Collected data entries
━━━━━━━━━━━━━━━━━━━━━━━━━━━━━━

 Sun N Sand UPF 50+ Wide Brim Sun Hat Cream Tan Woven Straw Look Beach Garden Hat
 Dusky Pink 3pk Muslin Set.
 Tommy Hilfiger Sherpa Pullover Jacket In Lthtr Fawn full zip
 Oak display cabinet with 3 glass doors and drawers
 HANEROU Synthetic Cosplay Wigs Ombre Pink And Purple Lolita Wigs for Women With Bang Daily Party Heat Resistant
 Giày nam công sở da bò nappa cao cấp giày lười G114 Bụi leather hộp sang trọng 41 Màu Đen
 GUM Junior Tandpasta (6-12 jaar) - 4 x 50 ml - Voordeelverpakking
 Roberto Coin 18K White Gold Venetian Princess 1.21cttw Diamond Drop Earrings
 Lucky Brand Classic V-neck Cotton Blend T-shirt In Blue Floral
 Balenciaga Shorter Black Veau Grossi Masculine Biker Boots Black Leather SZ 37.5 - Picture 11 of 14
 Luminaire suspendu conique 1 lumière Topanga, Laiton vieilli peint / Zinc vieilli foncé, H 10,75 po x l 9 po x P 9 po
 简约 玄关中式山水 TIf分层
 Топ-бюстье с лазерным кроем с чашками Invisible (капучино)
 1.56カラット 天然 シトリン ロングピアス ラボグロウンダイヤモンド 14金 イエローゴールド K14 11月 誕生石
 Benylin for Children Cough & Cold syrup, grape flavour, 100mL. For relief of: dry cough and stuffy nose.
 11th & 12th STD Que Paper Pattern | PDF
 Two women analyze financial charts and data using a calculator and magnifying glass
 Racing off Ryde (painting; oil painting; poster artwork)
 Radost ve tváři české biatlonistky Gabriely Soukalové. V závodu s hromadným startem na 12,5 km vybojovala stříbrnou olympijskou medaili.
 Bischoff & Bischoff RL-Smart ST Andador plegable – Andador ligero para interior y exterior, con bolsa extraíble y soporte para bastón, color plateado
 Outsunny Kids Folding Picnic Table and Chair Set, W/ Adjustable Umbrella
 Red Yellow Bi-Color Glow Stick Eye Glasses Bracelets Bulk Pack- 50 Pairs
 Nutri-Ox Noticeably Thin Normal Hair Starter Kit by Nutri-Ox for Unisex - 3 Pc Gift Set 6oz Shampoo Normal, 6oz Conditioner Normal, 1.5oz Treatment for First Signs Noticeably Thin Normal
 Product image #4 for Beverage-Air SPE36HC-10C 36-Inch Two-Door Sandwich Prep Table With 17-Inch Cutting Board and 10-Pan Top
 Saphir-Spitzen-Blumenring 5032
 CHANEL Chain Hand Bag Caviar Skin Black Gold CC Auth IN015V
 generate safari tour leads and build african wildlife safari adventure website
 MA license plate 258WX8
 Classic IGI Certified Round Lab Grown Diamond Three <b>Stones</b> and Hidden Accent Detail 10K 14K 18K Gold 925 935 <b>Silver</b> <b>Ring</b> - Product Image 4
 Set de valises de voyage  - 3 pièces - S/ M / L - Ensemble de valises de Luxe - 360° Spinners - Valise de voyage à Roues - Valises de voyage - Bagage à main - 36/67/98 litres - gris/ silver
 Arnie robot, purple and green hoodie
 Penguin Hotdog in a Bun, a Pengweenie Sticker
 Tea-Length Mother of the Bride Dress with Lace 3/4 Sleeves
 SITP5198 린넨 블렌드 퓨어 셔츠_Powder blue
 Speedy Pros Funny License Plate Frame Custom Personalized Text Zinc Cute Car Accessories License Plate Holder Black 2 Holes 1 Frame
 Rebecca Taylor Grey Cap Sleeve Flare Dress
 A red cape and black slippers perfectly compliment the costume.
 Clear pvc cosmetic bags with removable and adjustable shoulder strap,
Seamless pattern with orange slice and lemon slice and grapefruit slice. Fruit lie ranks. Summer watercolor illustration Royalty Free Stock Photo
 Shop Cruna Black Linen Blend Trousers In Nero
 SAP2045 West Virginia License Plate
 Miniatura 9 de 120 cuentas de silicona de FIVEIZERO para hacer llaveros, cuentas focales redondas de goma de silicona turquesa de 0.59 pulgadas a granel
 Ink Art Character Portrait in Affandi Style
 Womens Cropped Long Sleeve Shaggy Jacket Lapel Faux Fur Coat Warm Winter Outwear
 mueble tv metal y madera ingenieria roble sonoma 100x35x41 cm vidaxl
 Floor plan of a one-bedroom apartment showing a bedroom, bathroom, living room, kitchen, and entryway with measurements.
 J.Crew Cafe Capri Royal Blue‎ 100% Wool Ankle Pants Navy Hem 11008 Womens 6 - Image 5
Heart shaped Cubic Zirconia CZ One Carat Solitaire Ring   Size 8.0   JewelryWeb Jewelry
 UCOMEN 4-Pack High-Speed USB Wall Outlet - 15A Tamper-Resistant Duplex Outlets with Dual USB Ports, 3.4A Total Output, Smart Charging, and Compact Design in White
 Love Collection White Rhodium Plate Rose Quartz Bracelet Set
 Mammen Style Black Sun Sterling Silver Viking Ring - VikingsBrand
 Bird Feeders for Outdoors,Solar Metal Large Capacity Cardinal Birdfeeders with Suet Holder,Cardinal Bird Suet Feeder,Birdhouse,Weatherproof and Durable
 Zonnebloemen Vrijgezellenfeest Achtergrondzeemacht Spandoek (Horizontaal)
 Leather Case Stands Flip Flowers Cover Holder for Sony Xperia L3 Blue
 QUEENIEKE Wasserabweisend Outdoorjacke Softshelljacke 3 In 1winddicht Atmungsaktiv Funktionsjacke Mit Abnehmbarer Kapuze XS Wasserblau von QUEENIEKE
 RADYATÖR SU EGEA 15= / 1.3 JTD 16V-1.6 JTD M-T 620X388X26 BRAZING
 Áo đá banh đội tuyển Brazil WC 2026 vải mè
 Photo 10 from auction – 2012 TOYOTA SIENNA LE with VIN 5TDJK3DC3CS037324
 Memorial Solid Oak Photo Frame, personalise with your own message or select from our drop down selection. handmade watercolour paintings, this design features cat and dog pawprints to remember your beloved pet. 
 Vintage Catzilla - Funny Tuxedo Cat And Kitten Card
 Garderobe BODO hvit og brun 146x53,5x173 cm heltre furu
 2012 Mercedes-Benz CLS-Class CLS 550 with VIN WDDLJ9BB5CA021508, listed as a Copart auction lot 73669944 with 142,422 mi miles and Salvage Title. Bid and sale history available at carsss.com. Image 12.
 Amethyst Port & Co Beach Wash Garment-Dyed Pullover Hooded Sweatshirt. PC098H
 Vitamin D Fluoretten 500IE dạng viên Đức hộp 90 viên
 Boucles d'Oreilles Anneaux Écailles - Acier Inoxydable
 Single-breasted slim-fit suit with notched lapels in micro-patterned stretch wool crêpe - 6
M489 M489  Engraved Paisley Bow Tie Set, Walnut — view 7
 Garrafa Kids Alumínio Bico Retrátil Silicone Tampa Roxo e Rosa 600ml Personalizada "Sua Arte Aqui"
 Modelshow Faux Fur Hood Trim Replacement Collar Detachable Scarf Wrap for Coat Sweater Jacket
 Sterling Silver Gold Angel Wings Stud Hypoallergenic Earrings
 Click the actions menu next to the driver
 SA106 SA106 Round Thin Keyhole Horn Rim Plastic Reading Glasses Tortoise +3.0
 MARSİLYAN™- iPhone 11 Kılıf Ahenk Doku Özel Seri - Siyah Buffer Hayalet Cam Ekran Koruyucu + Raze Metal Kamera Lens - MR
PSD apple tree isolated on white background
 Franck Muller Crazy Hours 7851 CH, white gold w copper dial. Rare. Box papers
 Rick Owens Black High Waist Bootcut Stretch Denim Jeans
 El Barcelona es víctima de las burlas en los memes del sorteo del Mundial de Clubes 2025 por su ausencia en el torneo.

━━━━━━━━━━━━━━━━━━━━━━━━━━━━━━

TASK GOAL: Starting at the line that contains "Product image #4" and stopping after the line that contains "Clear pvc cosmetic", write out every line exactly as it appears above, and no other line.

OUTPUT OF THE TASK:
 Product image #4 for Beverage-Air SPE36HC-10C 36-Inch Two-Door Sandwich Prep Table With 17-Inch Cutting Board and 10-Pan Top
 Saphir-Spitzen-Blumenring 5032
 CHANEL Chain Hand Bag Caviar Skin Black Gold CC Auth IN015V
 generate safari tour leads and build african wildlife safari adventure website
 MA license plate 258WX8
 Classic IGI Certified Round Lab Grown Diamond Three <b>Stones</b> and Hidden Accent Detail 10K 14K 18K Gold 925 935 <b>Silver</b> <b>Ring</b> - Product Image 4
 Set de valises de voyage  - 3 pièces - S/ M / L - Ensemble de valises de Luxe - 360° Spinners - Valise de voyage à Roues - Valises de voyage - Bagage à main - 36/67/98 litres - gris/ silver
 Arnie robot, purple and green hoodie
 Penguin Hotdog in a Bun, a Pengweenie Sticker
 Tea-Length Mother of the Bride Dress with Lace 3/4 Sleeves
 SITP5198 린넨 블렌드 퓨어 셔츠_Powder blue
 Speedy Pros Funny License Plate Frame Custom Personalized Text Zinc Cute Car Accessories License Plate Holder Black 2 Holes 1 Frame
 Rebecca Taylor Grey Cap Sleeve Flare Dress
 A red cape and black slippers perfectly compliment the costume.
 Clear pvc cosmetic bags with removable and adjustable shoulder strap,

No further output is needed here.